> ACTIVITY: Set down exactly the lines from the one containing "Tricou crop cu croiala slim fit, Ametist" to the final line of the records below, with every picture omitted.

> STUDY MATERIAL:
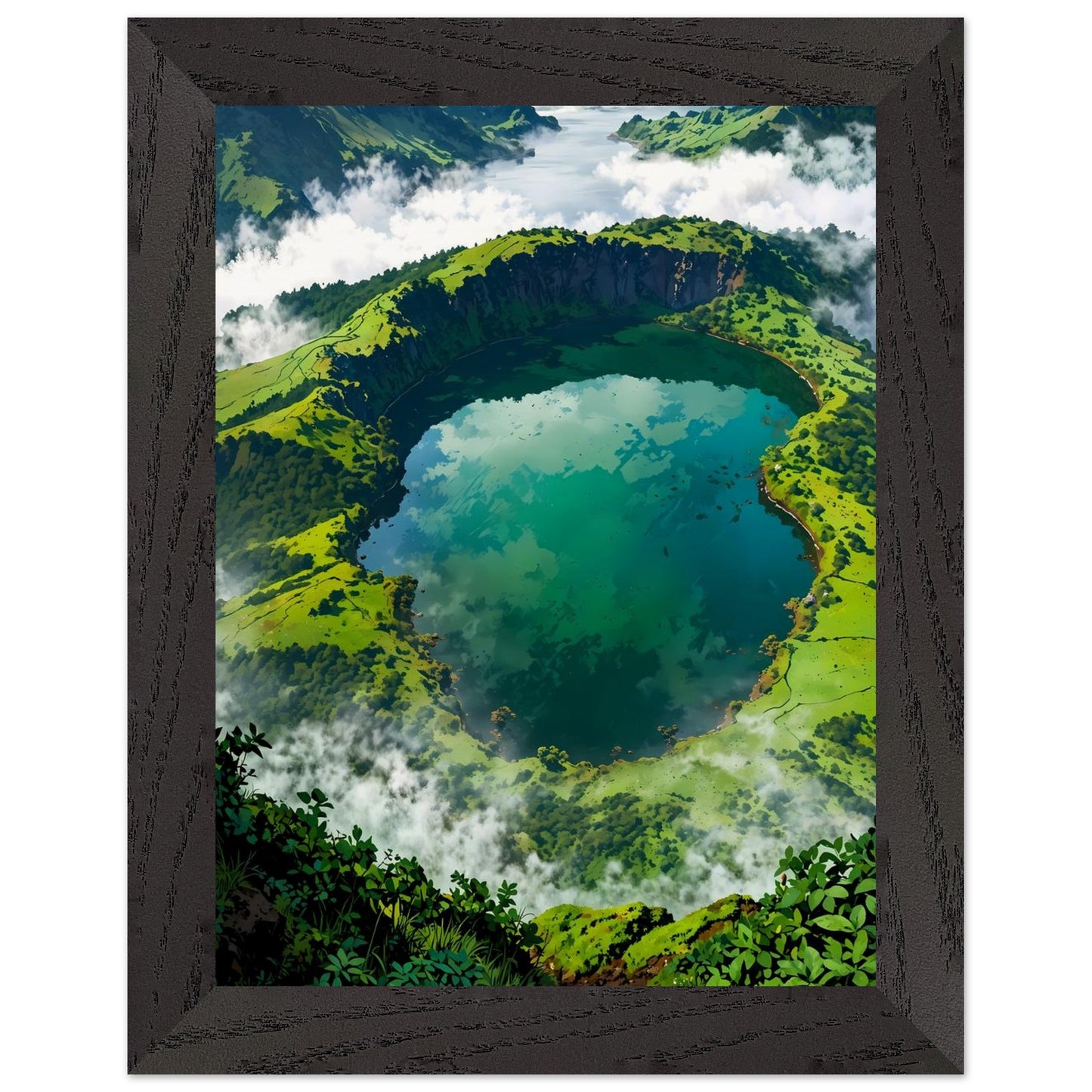 Affiche Paysage des Açores Encadrée, cadre noir 15x20 cm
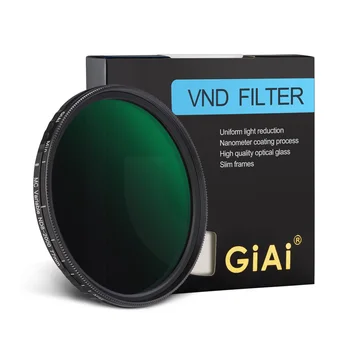 GiAi Нано Покритие Променлив ND Филтър Премиум Качество От ND8 До ND2000 Обектива на Камерата Неутрална Плътност 86 мм 82 мм 77 мм и 72 мм 67 мм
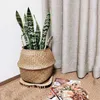 Woven Seagrass Basket Tote Belly Basket for Storage Laundry Picnic Plant Pot Cover Beach Bag233r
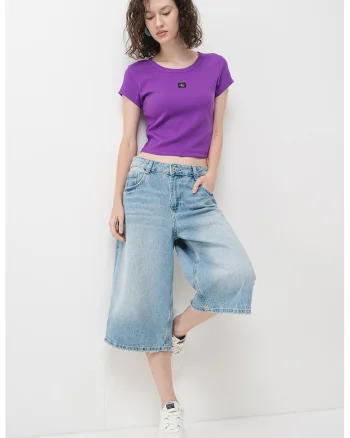 Tricou crop cu croiala slim fit, Ametist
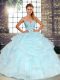 Lovely Light Blue Sleeveless Floor Length Beading and Ruffles Lace Up Ball Gown Prom Dress
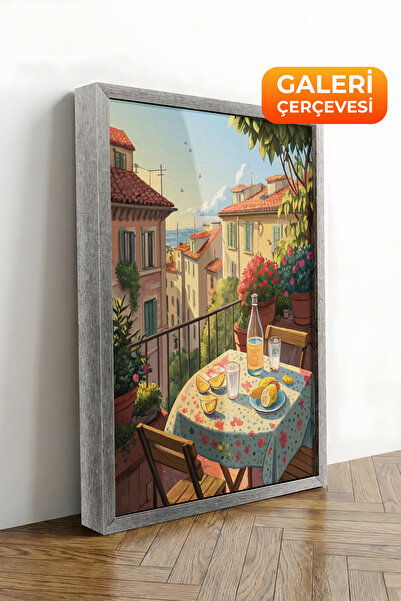 Zestia Tablou pe pânză înrămat cu argint, în stil toscan, pentru balcon, seri...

> OUTPUT FOR THIS EXERCISE:
 Tricou crop cu croiala slim fit, Ametist
 Lovely Light Blue Sleeveless Floor Length Beading and Ruffles Lace Up Ball Gown Prom Dress
 Zestia Tablou pe pânză înrămat cu argint, în stil toscan, pentru balcon, seri...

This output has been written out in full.